Con esas palabras, Juan se ganó una fulminante mirada que parecía desterrarlo al sofá de por vida, así que finalmente cedió ante lo inevitable y le mostró las llaves de su preciado negocio, no sin antes vengarse de su embaucador hijo.
—Bien, si quieres vender una de esas casas, tendrás que aprenderte sus dosieres... —declaró con firmeza, poniendo en las manos de su hijo un sinfín de gruesas carpetas, quedando así plenamente satisfecho con la cara de asombro que mostró Pedro ante la idea de memorizar cada uno de esos tomos dedicados a la historia y arquitectura del lugar.

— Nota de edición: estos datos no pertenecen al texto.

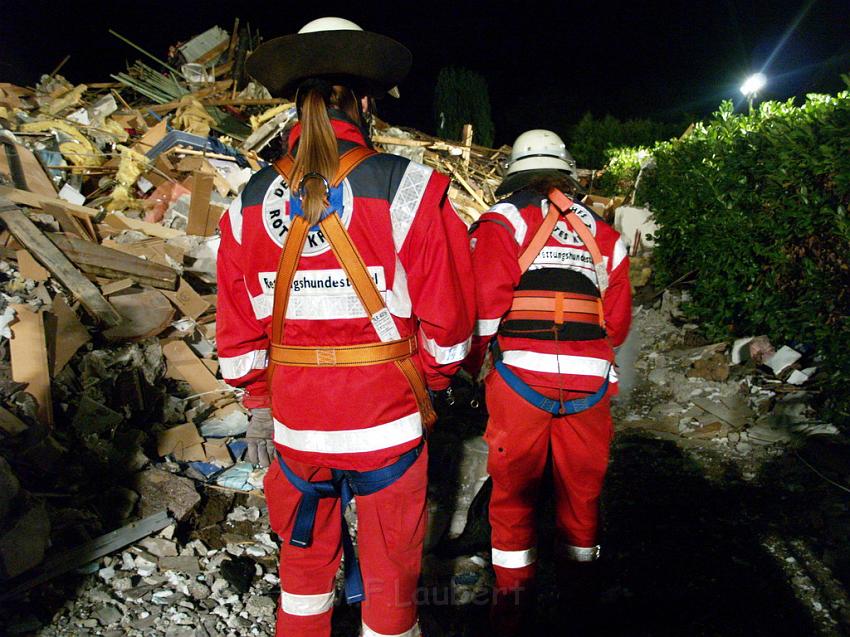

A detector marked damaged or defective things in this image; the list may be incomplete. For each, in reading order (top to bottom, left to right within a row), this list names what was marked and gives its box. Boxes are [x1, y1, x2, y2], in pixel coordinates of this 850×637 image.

broken wooden plank [0, 202, 121, 326]
broken wooden plank [46, 232, 179, 290]
broken wooden plank [103, 290, 176, 342]
broken wooden plank [9, 304, 53, 424]
broken wooden plank [0, 506, 171, 600]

—Cuando los memorices, te daré esas llaves que tanto deseas —lo retó Juan, mostrándole las llaves que estaban tan cerca pero a la vez tan lejos.

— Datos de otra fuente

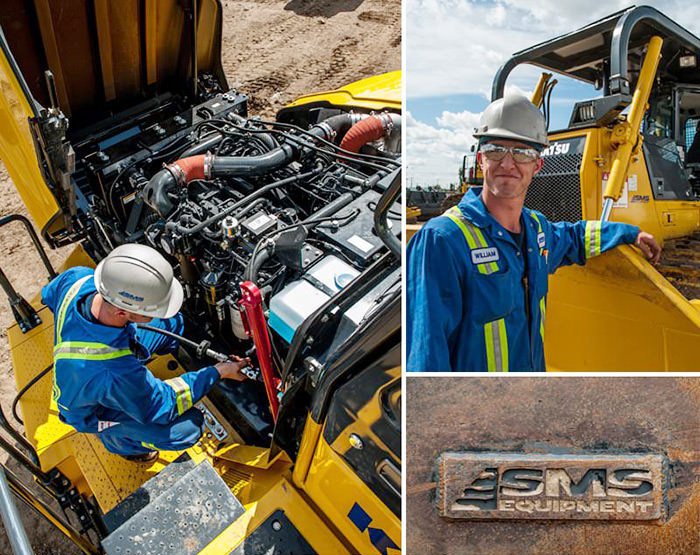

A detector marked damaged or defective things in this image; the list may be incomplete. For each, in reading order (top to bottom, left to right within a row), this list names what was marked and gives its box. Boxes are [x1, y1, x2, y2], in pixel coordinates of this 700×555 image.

rusty metal plate [438, 452, 668, 520]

—No te preocupes, papá. ¡Lo haré! —afirmó Pedro, algo molesto porque las cosas no hubieran salido como él había planeado, pero totalmente decidido a hacerse con esas llaves que le permitirían pasar un tiempo a solas con la mujer
que amaba.
Cuando Pedro se hubo marchado, no sin antes cerrar con violencia la puerta de su coche mostrando así su descontento ante la sucia treta de su padre, Sara Alfonso se acercó a su marido, intrigada por lo ocurrido.
—¿Qué ha pasado aquí? —preguntó Sara, confusa con el comportamiento de su hijo, que en ocasiones seguía siendo como el de un niño pequeño.
—Nuestro hijo al fin se ha enamorado — contestó orgullosamente Juan mientras abrazaba a su mujer.
—¿Y esa mujer es tan dulce y amorosa como él deseaba cuando era pequeño? —se interesó Sara, preguntándose sobre el tipo de chica que finalmente había hecho caer en el amor a su hijo, esa irremediable locura de la que él tanto huía.
—Ni por asomo: se parece a ti —anunció despreocupadamente Juan, sin caer en la cuenta de
la gravedad de sus palabras hasta que ya fue demasiado tarde.
—¡A partir de ahora duermes en el sofá! — declaró la airada mujer con rotundidad mientras huía de las excusas de su marido.
—¡Pero Sara...! —se quejó lastimeramente el derrotado hombre, maldiciendo una vez más su estúpida bocaza, que en ocasiones lo delataba.
Juan esperaba que su hijo no fuera igual de ligero con sus palabras o, como él, tendría más de un problema a la hora de tratar con una mujer de difícil temperamento como era su querida Sara.